[Das Wasser des Lebens. (Chāndogya Upanishad.)]

 

From the Chāndogya Upanishad,

 

Translation from the German by Robert Hutwohl[1]

 

Nārada came to Sanatkumāra and said: “Master! Teach me to recognize the soul; for I have heard from the wise that whoever knows the soul gets across the sea of sorrows. But I, O Master, am grieved; lead me, therefore, over to the shore that is beyond tribulation.”

          The master answered him and said:

          “All you have learned so far is nothing but words; but you should seek to find the truth; for when a man knows, he bears witness to the truth; but unless he recognizes them, he cannot witness them. Therefore you should strive for knowledge.

          “When he gains insight, he gains knowledge; without knowledge he cannot understand, but through insight he understands. Therefore you should strive for insight.

          “When a man strives diligently, he comes to understanding; without striving, there is no insight; but insight comes through striving. Therefore you should seek, strive.

          “That from which man develops is that which he strives for; if he does not develop from this, he cannot strive for it; but he strives, because from this his development takes place. Therefore you should seek the source from which you spring.

          “When a man is active, he develops; if it is inactive, he cannot grow, but he grows through activity. Therefore you should follow activity.

          “If he finds joy, he will be active; if he finds none, he will do nothing; but he is active when it pleases him. Therefore you should seek to find joy.

          “There, where the limitless is, there is joy; there is no joy in what is limited; but the infinite is bliss.

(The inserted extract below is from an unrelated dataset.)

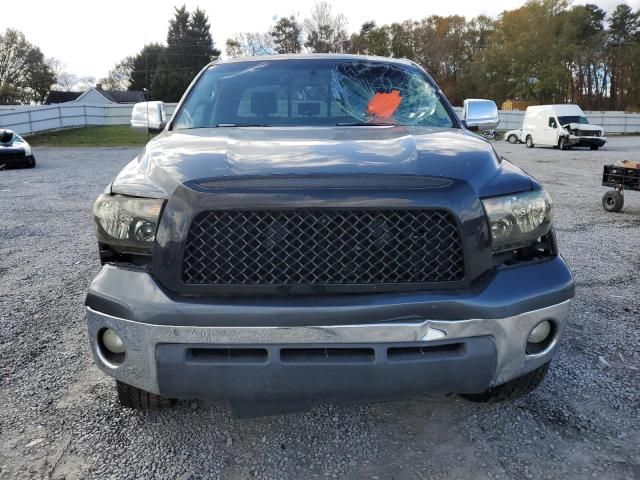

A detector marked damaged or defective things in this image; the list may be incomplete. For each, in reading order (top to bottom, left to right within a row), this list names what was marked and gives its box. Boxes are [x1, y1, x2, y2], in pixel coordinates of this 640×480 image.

shattered windshield glass [170, 58, 456, 129] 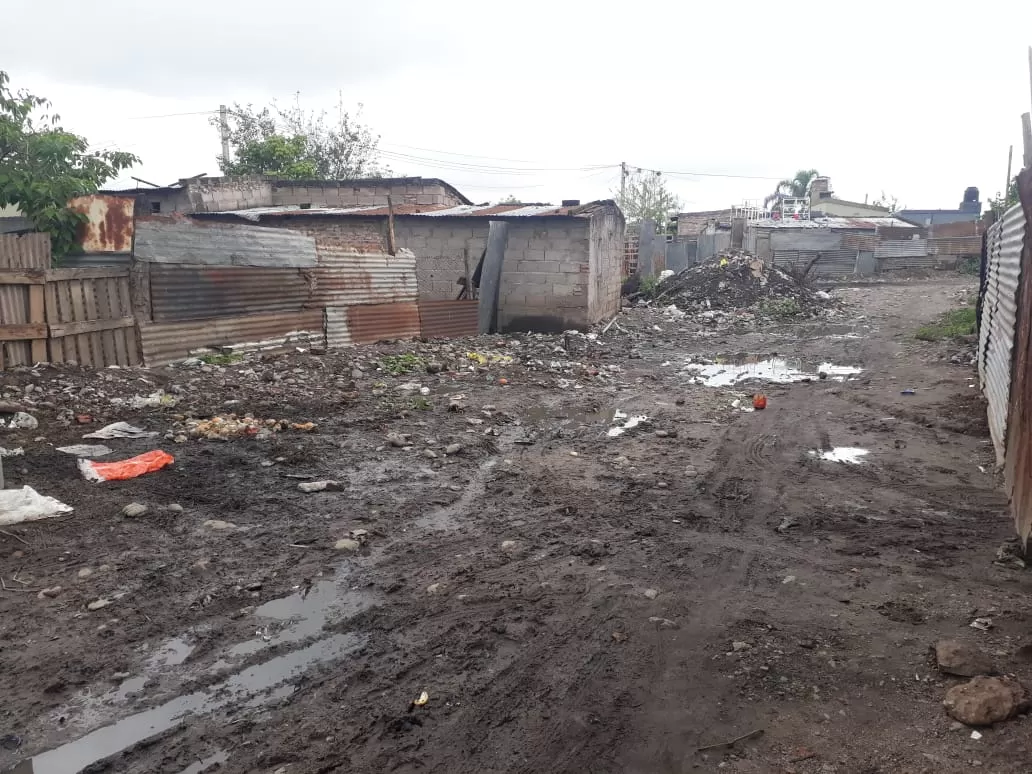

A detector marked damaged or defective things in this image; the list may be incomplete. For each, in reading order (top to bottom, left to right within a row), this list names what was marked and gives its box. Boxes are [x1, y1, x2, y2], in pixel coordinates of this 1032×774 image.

Therefore, seek to recognize the limitless.

          “When man sees, hears, or perceives nothing but the soul, this is the limitless; but when he sees, hears, or perceives anything other than the soul, there is limitation. The limitless is immortal, but the limited is subject to death. The Infinite is rooted in its own greatness, but not in what people call “greatness”; for they call such things great as oxen and horses, elephants, gold, slaves and women, lands and houses. But this is not the size I am talking about.

          “It is below and above, it is west and east, south and north; it is the universe; but I myself am this. I am below and above, I am west and east, south and north; I am the universe I am the soul; the soul is below, the soul is above, the soul is west, the soul is east, the soul is south, the soul is north; the soul is everything.

          “Whoever sees that it is so, and so comprehends it, and so knows it, to him the soul is his delight, the soul his delight, the soul his friend, the soul his joy; he is master over himself and works in his will through all worlds. Those who do not realize this are subject to others; their world is passing away and they cannot work through the worlds in their desire.

          “The seer sees neither death, nor sickness, nor sorrow; the seer sees the All, and he finds the All in all things.

          “He who attracts only what is pure from the world becomes pure in his nature; then he attains clear remembrance, and from this clear remembrance springs the resolution of all the entanglements of the heart.”

          Now when Nārada’s error was gone, Master Sanatkumāra showed him the shore which is beyond the darkness. That is why it is said that he reached the opposite shore.[2]

 

Explanations.

 

          A German theosophist, Meister Eckhart, says: “Put away from you everything that is not God, and nothing remains but God.” What he calls “God” is thus the divine soul, that of everything that is not is divine in nature, purified, free, the unlimited Self, which the Indian calls “Ātma,” and that of Śaṅkarāchārya as “Sat-chit-ānandam,” i.e., existence-knowledge-bliss, in other words, the bliss of the consciousness of the all-encompassing, all-pervading divine existence. This alone is the true essence and reality; all that springs from it or is connected with it is transitory appearance, and in itself, without God, without the Self, has no essence and no existence.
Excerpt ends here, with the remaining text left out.